DC-SIGN Functionalized Porous Silicon Nanoparticles Targeting to Human and Non-Human Primate Dendritic Cells.
1Medicine, University of Adelaide, Adelaide, Australia
2Central and Northern Adelaide Renal and Transplantation Service, Royal Adelaide Hospital, Adelaide, Australia
3ARC Centre of Excellence in Convergent Bio-Nano Science and Technology, University of South Australia, Adelaide, Australia
4Transplantation Immunology, Garven Institute of Medical Research, Sydney, Australia
Meeting: 2017 American Transplant Congress
Abstract number: C119
Keywords: Immunosuppression, Sirolimus (SLR)
Session Information
Session Name: Poster Session C: Innate Immunity
Session Type: Poster Session
Date: Monday, May 1, 2017
Session Time: 6:00pm-7:00pm
Presentation Time: 6:00pm-7:00pm
Location: Hall D1
Porous silicon (pSi) nanoparticles, modified to specifically target DC, provide a novel platform to carry and deliver immunosuppressive drugs.

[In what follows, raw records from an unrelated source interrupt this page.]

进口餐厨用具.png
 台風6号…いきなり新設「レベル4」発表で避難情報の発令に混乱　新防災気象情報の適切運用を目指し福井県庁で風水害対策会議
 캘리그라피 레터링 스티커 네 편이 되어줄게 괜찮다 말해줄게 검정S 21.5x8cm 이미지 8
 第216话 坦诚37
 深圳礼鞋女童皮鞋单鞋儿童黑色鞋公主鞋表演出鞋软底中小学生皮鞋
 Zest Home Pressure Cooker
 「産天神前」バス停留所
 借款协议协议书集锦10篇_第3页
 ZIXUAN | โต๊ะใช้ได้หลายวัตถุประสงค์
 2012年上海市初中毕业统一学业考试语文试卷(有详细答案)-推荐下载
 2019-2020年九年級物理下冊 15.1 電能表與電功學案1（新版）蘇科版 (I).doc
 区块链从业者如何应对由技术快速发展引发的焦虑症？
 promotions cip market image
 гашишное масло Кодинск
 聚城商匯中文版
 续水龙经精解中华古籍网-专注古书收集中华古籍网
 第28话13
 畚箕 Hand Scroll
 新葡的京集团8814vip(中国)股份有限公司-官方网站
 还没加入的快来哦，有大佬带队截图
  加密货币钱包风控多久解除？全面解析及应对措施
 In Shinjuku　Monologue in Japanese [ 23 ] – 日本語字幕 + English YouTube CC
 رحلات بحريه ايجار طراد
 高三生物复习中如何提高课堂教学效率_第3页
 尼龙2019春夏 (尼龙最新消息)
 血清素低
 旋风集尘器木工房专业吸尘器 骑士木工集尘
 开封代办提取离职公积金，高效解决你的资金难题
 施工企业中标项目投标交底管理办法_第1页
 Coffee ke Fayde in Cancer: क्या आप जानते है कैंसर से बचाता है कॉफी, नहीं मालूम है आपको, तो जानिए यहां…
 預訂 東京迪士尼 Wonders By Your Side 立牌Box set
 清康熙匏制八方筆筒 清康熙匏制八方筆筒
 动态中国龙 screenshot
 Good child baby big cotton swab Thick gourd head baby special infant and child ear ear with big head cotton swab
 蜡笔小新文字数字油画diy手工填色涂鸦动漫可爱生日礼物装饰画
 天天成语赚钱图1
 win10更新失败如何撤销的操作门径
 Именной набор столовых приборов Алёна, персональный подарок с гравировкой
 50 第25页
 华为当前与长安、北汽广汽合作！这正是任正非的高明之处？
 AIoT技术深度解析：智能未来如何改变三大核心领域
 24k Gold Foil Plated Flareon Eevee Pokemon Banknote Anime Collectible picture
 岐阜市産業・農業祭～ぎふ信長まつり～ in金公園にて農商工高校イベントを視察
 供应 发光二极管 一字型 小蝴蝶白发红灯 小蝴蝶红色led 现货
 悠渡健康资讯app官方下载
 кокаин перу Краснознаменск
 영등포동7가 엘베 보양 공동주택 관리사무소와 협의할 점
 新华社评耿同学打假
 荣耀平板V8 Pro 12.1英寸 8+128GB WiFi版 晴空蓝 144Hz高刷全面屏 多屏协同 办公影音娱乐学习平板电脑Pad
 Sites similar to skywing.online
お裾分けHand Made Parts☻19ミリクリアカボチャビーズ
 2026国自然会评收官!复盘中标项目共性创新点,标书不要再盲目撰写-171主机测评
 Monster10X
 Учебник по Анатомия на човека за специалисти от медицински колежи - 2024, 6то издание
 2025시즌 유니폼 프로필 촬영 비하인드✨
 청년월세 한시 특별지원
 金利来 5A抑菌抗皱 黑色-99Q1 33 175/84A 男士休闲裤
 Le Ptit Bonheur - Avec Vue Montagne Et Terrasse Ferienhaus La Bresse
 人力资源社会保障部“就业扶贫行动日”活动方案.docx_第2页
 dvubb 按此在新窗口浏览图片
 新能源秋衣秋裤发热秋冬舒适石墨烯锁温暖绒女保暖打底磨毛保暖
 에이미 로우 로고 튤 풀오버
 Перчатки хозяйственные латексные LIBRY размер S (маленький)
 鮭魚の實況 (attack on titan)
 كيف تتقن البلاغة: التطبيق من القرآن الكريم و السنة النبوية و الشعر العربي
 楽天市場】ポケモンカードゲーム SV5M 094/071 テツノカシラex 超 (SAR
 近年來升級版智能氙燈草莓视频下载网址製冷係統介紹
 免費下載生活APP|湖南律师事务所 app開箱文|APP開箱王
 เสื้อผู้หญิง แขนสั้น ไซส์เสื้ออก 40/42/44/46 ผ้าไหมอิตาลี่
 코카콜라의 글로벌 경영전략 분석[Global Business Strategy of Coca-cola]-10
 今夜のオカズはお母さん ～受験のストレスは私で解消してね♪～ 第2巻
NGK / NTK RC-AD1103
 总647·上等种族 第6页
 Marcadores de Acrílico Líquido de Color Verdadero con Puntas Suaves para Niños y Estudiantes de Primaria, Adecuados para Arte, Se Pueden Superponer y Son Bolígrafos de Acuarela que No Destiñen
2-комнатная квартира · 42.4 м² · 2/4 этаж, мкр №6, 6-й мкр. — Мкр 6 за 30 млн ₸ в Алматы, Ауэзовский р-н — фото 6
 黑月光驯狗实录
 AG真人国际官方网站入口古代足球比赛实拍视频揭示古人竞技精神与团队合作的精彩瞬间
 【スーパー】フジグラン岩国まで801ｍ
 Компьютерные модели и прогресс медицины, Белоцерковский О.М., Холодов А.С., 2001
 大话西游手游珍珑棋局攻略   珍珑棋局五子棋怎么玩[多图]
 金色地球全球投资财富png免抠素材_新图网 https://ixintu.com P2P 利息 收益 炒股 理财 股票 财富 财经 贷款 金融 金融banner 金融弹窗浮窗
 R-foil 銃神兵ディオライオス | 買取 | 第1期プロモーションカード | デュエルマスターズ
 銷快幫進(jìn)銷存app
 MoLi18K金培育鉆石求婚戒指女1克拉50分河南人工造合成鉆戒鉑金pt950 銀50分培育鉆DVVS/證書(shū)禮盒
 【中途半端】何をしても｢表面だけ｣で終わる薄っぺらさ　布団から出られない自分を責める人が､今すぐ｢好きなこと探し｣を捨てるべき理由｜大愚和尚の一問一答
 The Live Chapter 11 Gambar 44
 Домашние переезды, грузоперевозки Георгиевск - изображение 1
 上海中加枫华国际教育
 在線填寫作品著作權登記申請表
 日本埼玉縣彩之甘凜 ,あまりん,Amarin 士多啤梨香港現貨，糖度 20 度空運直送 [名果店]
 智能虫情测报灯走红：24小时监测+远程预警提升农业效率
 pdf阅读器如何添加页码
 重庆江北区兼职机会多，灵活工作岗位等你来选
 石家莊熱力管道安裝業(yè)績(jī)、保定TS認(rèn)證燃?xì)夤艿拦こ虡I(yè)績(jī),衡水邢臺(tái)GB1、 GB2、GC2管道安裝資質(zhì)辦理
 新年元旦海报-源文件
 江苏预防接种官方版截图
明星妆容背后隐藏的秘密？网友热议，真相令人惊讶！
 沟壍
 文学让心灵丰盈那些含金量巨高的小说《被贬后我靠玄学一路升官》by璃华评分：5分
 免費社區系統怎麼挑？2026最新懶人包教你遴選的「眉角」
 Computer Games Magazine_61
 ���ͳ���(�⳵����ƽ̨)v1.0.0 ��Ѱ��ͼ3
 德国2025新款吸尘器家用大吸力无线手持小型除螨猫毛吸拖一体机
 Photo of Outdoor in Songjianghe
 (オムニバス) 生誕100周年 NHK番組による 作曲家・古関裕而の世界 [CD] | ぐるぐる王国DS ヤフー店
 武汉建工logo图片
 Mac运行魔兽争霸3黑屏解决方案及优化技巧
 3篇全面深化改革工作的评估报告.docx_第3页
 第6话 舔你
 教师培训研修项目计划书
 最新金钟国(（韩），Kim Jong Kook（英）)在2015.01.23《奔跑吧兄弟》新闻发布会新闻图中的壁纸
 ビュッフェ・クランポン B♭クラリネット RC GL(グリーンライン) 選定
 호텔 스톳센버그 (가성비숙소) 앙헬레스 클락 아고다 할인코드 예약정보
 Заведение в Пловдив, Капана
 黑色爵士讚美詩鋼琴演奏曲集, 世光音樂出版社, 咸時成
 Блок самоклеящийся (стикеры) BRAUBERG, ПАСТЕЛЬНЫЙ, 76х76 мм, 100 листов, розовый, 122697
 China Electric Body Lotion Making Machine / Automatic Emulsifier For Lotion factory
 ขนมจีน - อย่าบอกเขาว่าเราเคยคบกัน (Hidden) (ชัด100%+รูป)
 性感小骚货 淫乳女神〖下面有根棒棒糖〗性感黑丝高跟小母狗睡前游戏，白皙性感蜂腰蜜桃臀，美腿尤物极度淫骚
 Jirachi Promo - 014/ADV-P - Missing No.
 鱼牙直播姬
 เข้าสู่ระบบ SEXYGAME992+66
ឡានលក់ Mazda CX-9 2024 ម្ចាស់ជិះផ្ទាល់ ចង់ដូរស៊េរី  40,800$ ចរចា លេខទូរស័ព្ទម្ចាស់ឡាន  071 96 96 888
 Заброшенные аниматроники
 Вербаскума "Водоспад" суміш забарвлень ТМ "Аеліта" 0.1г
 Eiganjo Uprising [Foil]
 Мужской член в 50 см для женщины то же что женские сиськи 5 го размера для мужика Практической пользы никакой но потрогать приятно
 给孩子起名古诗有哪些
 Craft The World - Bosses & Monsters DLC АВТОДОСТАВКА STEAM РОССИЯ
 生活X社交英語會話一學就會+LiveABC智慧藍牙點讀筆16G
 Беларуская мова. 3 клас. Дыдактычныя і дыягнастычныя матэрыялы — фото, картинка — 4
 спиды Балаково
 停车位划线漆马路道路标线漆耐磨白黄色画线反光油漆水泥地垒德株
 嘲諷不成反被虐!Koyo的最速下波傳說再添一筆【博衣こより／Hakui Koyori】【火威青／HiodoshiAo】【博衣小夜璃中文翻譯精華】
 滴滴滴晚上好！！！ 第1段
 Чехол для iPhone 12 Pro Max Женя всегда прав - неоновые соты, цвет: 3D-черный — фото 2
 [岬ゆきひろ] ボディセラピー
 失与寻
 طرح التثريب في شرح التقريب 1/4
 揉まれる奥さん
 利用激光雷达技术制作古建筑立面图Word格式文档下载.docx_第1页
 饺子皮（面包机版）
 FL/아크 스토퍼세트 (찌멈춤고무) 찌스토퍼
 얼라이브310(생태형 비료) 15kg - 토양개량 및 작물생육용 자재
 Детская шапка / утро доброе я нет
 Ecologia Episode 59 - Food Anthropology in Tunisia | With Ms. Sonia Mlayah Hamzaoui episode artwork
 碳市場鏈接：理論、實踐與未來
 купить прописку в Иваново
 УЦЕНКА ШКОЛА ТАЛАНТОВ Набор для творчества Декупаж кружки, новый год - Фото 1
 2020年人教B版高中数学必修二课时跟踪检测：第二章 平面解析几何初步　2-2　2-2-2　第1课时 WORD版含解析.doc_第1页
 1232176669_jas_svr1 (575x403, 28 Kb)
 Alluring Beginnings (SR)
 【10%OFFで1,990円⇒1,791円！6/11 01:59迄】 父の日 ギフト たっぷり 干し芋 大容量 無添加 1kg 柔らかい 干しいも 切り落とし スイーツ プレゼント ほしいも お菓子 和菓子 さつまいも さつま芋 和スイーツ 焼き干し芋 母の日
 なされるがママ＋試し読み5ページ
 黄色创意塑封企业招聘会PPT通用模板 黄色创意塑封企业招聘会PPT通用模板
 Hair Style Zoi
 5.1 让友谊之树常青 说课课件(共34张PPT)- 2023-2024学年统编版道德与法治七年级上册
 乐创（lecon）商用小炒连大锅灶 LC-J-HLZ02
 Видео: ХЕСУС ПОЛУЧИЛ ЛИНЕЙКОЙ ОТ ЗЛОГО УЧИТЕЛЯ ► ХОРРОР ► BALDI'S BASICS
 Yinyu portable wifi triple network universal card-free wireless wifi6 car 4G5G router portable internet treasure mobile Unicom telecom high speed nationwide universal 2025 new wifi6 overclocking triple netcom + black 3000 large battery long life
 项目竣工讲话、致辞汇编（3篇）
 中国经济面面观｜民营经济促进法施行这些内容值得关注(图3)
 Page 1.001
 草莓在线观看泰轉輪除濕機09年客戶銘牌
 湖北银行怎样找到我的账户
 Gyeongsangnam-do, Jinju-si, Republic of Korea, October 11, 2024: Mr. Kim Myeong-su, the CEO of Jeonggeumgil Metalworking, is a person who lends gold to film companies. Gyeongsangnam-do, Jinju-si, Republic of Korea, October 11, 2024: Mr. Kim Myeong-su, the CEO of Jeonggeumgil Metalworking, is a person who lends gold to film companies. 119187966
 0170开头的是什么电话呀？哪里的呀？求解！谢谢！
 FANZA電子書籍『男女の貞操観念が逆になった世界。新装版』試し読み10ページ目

The aim was to conjugate DC-SIGN antibodies (DC specific) to rapamycin loaded pSi-nanoparticles and target DC to induce immune regulation. pSi-nanoparticles were functionalised with DC-SIGN mAb (DCSIGN-pSi) and co-cultured with either human monocyte-derived DC (5 days) or whole blood (24h) particle uptake assessed by flow cytometry. Rapamycin loaded, DC-SIGN-pSi treated DC were used as allogeneic stimulators in MLRs to assess their stimulatory capacity. In vivo DC targeting was determined by IV injection of common marmosets (Callithrix jacchus) with targeting (DC-SIGN-pSi) or non-targeting (Isotype-pSi) functionalised, fluorescent pSi-nanoparticles (20mg/kg). After 24h, marmosets were IVIS Lumina imaged to assess particle distribution, whilst flow cytometry was used to determine peripheral blood and splenocytes cellular uptake. DC-SIGN functionalised nanoparticles showed increased uptake by DC in a time- and dose-dependent manner, in vitro. Rapamycin loaded nanoparticles inhibited DC markers CD40, CD80, CD86, CD83 and MHC II expression. Treated DC significantly inhibited allogeneic T-cell proliferation by 50% (n=3; p<0.01) compared to mature DC. Nanoparticles tracked to the liver and kidneys, with a large proportion detected in the lung of some animals. Flow cytometric analysis showed that splenic and peripheral blood marmoset myeloid DC were positive for nanoparticles. Rapamycin loaded nanoparticles functionalised with DC-SIGN mAb provide targeted delivery to DCs in vitro. In vivo we are the first to show the tracking of DC-SIGN-NP in a non-human primate model as a novel way to target DCs in situ.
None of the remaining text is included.